Potential CodeQL shortfalls

Database creation in the code-scanning workflow has some potential shortfalls. This section specifically discusses using the GitHub CodeQL action.

You need to use a language matrix for autobuild to build each of the compiled languages listed in the matrix. You can use a matrix to create jobs for more than one supported version of a programming language, operating system, or tool.

If you don't use a matrix, autobuild tries to build the supported compiled language with the most source files in the repository. Analysis of compiled languages, other than Go, will often fail unless you supply explicit commands to build the code before performing the analysis step.

The behavior of the autobuild step varies depending on the operating system that the language extractor runs on. The autobuild step tries to automatically detect a suitable build method for the language based on the operating system. This behavior can lead to unreliable results for compiled languages, and it can often result in a failed run.

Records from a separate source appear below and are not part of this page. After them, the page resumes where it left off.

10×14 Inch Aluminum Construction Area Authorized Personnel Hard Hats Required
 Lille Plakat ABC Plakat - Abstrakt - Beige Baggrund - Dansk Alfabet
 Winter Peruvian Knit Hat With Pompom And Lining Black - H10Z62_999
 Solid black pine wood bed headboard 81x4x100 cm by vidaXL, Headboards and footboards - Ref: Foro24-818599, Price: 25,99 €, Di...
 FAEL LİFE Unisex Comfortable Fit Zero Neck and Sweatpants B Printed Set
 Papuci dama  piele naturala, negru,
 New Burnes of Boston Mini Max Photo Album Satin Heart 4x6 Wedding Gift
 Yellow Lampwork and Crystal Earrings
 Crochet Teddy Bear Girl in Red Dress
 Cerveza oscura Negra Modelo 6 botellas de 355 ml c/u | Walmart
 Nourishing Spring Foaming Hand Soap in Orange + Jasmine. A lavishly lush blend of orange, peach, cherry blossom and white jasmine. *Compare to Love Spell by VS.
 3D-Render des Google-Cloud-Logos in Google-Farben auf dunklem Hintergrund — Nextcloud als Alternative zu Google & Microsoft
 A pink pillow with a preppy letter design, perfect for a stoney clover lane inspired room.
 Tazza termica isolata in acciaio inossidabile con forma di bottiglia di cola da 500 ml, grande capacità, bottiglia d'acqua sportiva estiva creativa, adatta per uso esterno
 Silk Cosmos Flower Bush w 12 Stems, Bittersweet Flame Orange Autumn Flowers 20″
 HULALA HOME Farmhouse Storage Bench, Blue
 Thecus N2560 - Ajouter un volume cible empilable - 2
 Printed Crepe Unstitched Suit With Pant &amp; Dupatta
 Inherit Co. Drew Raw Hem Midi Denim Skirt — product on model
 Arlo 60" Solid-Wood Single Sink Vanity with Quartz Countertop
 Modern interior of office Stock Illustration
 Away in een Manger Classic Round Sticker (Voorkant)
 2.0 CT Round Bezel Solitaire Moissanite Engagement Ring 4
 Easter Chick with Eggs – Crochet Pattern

We recommend that you configure a build step within the code-scanning workflow file that runs before analysis, rather than letting autobuild try to build compiled languages. This way, the workflow file is tailored to your system's and project's build requirements for more reliable scans.

You can read more on specific languages and the autobuild steps in the CodeQL autobuild documentation.

VS Code extension

You can use Visual Studio Code (VS Code) and the CodeQL extension to compile and run queries, as long as you're using VS Code 1.39 or later. You can download the extension from the Visual Studio Code Marketplace or by downloading the CodeQL VSIX file.

The extension uses your installed CLI found in PATH if it's available. If not, the extension automatically manages access to the executable file of the CLI for you. Automatic management ensures that the CLI is compatible with the CodeQL extension.